For anyone in Ellis looking to source CJC-1295, the foundational reality is that this compound is available only through an online research supply market. What this means for Ellis researchers is that physical proximity is irrelevant compared to your ability to assess COA data — and those quality checks are accessible to anyone. A legitimate CJC-1295 supplier's COA should include HPLC purity, mass spectrometry confirmation of molecular identity, bacterial endotoxin testing, and a residual solvents panel — all batch-matched to your order. This guide gives Ellis researchers the practical tools to evaluate CJC-1295 vendors systematically and source high-purity CJC-1295 with confidence.
CJC-1295: What the Research Shows
The selectivity profile of different GHS compounds is a critical research consideration. GHRP-6 and GHRP-2 produce GH release alongside cortisol and prolactin elevation — a confounding factor in research designs where these hormones are outcome variables. Ipamorelin was specifically developed for greater GH-release selectivity with minimal cortisol and prolactin elevation, making it more suitable for research designs where GH-specific effects need to be isolated. Hexarelin has the strongest GH-releasing potency in the GHRP class but also the most significant cortisol and prolactin effects. For Ellis researchers designing GH-axis studies, compound selection based on this selectivity profile should precede protocol finalization.
Buying CJC-1295: Quality Markers to Look For
The most reliable path to quality CJC-1295 is community research first — peptide forums track vendor quality over time that are more trustworthy than marketing materials. When reviewing a CJC-1295 COA, verify: the batch number matches your product, HPLC purity is ≥98%, mass spec confirms the correct peptide, and endotoxin levels are at acceptable levels for the intended application. Warning signs in CJC-1295 vendor evaluation: prices more than 30-40% below standard market rates, no information about manufacturing source, no community presence, and COAs that do not include endotoxin results. Keep lyophilised CJC-1295 at −20°C until ready to use; reconstitute only the amount needed for the near-term protocol and store the rest at −20°C.

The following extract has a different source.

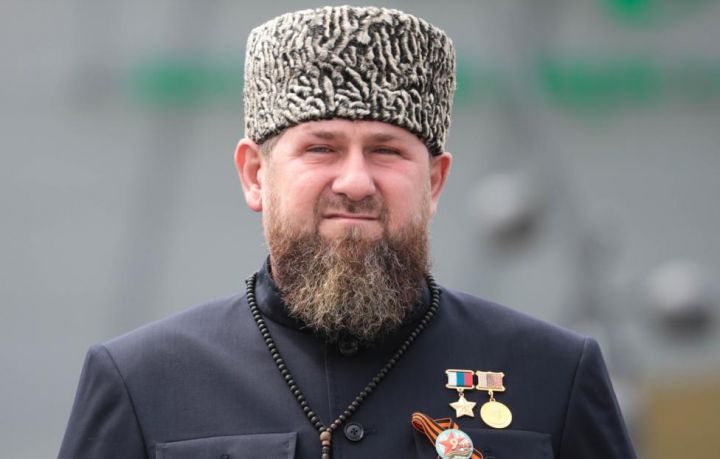 Kadırov ona qarşı sanksiyaların çoxluğuna görə Ginnesin Rekordlar Kitabına müraciət etmək qərarına gəlib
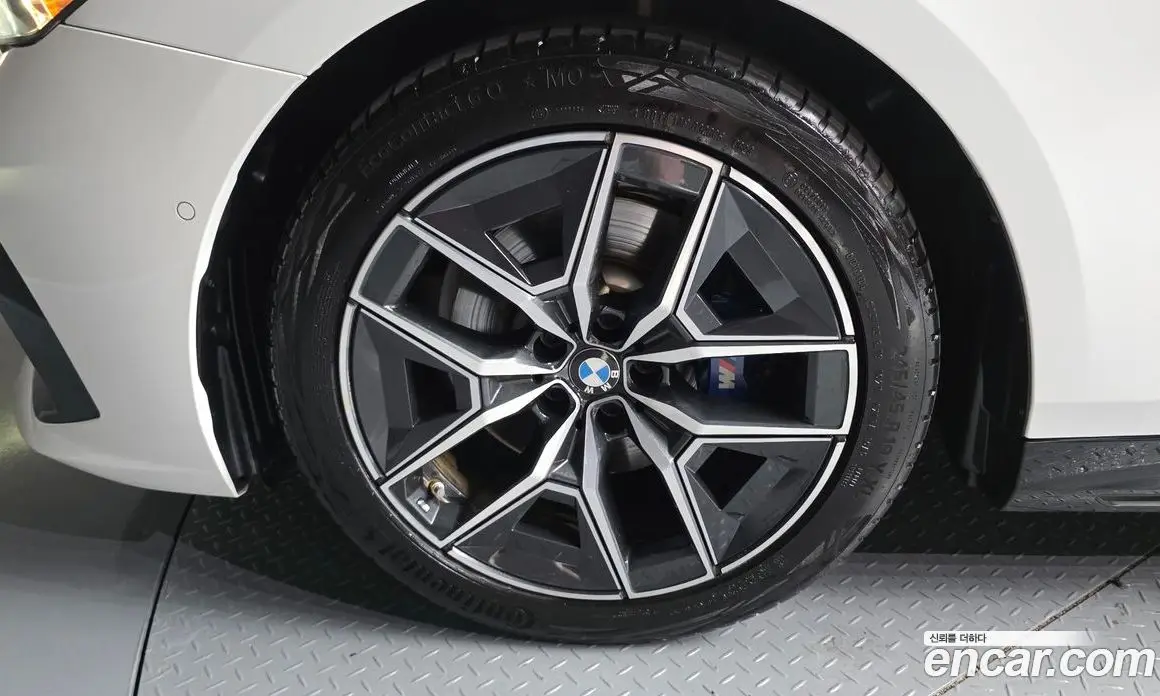 BMW 5 серия 2024 2.0 автомат (гидро), фото 5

Order CJC-1295 — ships to Ellis
COA-verified · International tracking · Research grade
CJC-1295 is available for research use only and is not approved for human consumption by the FDA or equivalent regulatory bodies — all information here is provided for educational purposes. Proper handling of CJC-1295 requires strict sterile technique during reconstitution — prep pad-cleaned septum, single-use needles, uncontaminated workspace — and temperature control throughout the entire workflow. Endotoxin testing in the CJC-1295 COA is not optional — gram-negative bacterial endotoxins can trigger serious inflammatory reactions at trace quantities, and no cost saving makes omitting this acceptable. Protocol documentation — recording exactly what was used, when, and how — is a research best practice for CJC-1295 that ensures unusual findings can be explained.
Frequently Asked Questions
What purity is required for CJC-1295 research?
CJC-1295 should be ≥98% pure by HPLC. The larger molecular weight of CJC-1295 with DAC (approximately 3647 Da) makes mass spectrometry confirmation particularly important, as impurities may not be obvious on HPLC alone.
What is the difference between CJC-1295 with DAC and without DAC?
CJC-1295 with DAC uses a lysine-maleimide conjugate to bind covalently to albumin in the bloodstream, extending half-life to ~6-8 days and creating sustained GH elevation. CJC-1295 without DAC (also called Mod GRF 1-29) has a half-life of ~30 minutes and produces acute GH pulses. They produce different GH secretion patterns and have different applications in research.
What is CJC-1295?
CJC-1295 is a synthetic GHRH (Growth Hormone Releasing Hormone) analogue. The version with DAC (Drug Affinity Complex) has an extended half-life of approximately 6-8 days due to albumin binding. Without DAC, CJC-1295 has a much shorter half-life similar to native GHRH. Both versions stimulate pulsatile GH release via the GHRH receptor.